I have been able to get three (empty!) WW2 Red Cross food parcel boxes; one each of the Canadian, British and Scottish Red Cross; there are also US, Australian, New Zealand and South African ones, and although I have never heard tell, I assume that there must have been an Indian version, meeting the dietary needs of Sikh/Hindu troops, captured in North Africa and held in Italy (later Germany).

Now: contraband. This was received in the camps by three main methods:

i) concealed in uniforms (that is, the POW already had these hidden on him when captured); examples are the various small compasses concealed inside brass buttons, or as fly buttons, among other ruses.

ii) sent in parcels from spurious POW welfare agencies (which were in reality “fronts” for MI9), such as the “Prisoner’s Leisure Hours Fund.” Such things as German money (contraband for a POW to possess), was hidden inside phonograph records, as were well-produced false papers (blank, to be filled in as and when required). In some cases (such as in Colditz), the POWs were forewarned when to expect “naughty” parcels, and steal them out of the parcels store before the Germans examined them. (Roughly one in ten British officers had been taught a simple method for sending coded messages in letters home).

iii) obtained illicitly by black market activity or blackmailing German guards.

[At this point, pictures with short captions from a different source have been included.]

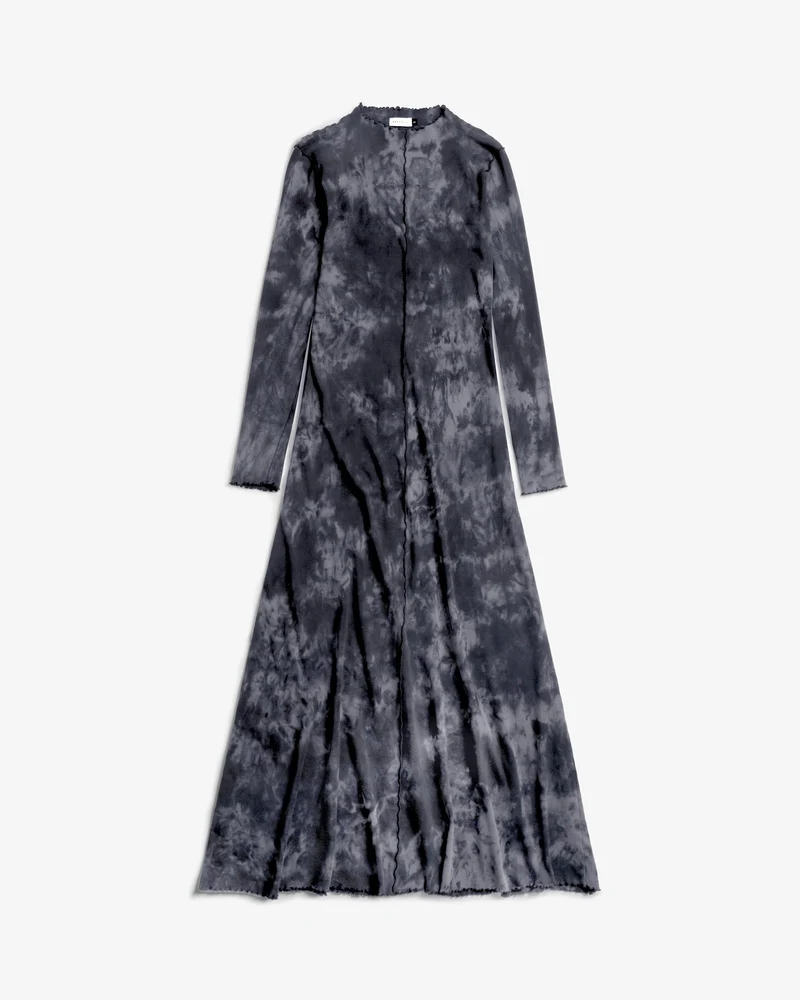 Schwarzes Kleid Batik Pin-Tucked aus Bio-Baumwolle von Rotholz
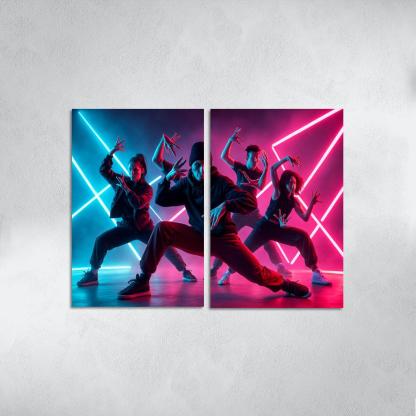 Neon Pulse Urban Fusion Choreography one-piece frames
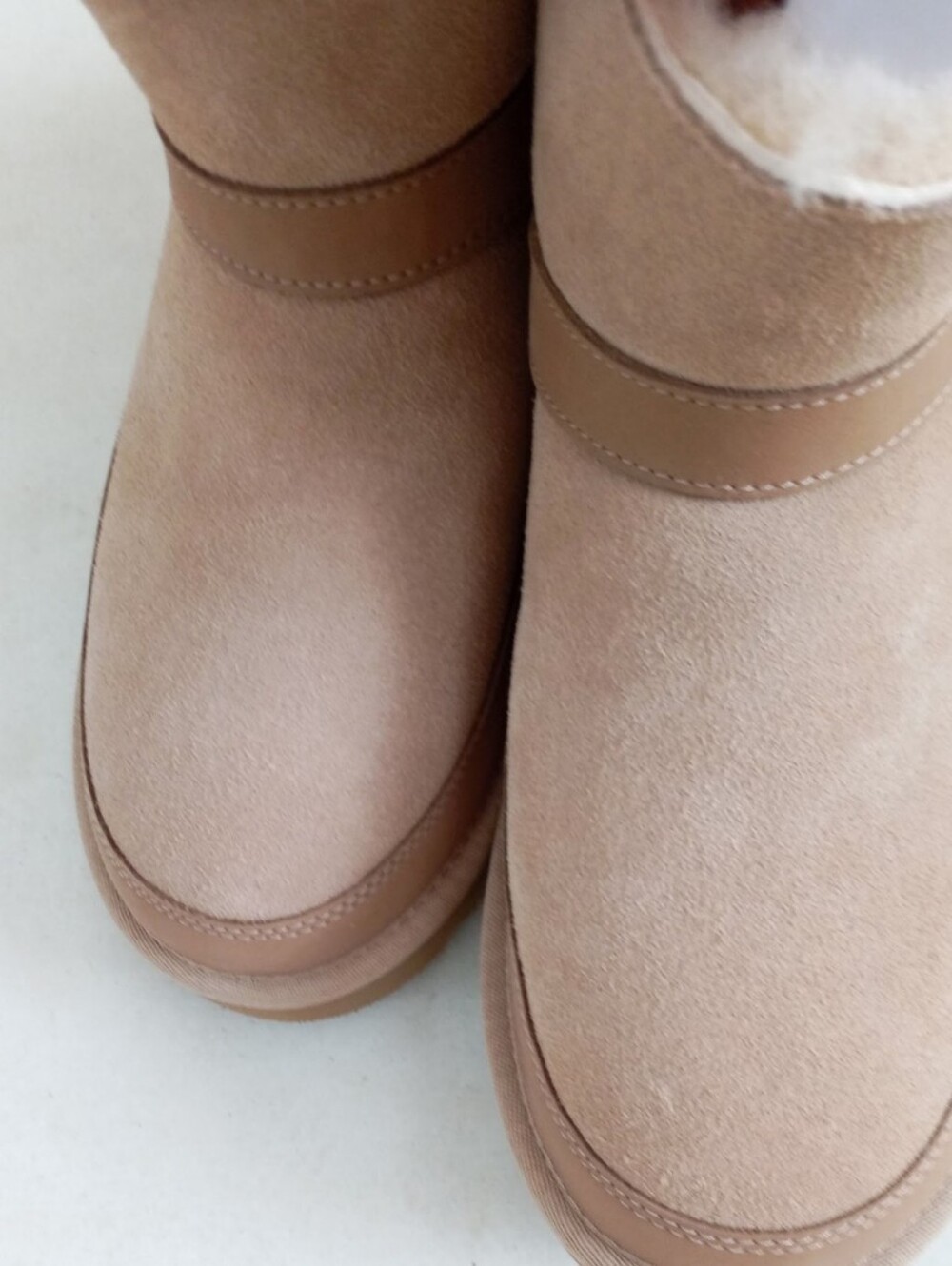 UGG Classic Mini Bellina belted tan shearling lined boots - Picture 12 of 13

(there is a fourth category, escape aids manufactured within the camp itself–like crude wirecutters made from bedframe parts, fake documents, lockpicks, etc).

Here are the playing cards the OP mentioned, along with a phonograph record containing money, wire saws contained in shoelaces, etc. The illustrations are from a book titled “Per Ardua Libertas,” which reprints a 1945 Royal Air Force manual of escape aids. Escape equipment. I have seen a set of these cards on display at the RAF Museum in Hendon, London. I’ve never been lucky enough to find any in my searching, though!

I have been fortunate enough to find several button-type compasses, a short hacksaw blade hidden inside a little rubber ruler, fly-button compasses, a mini-telescope (sent into camps inside the handle of badminton racquets), and a number of silk maps (which actually aren’t rare).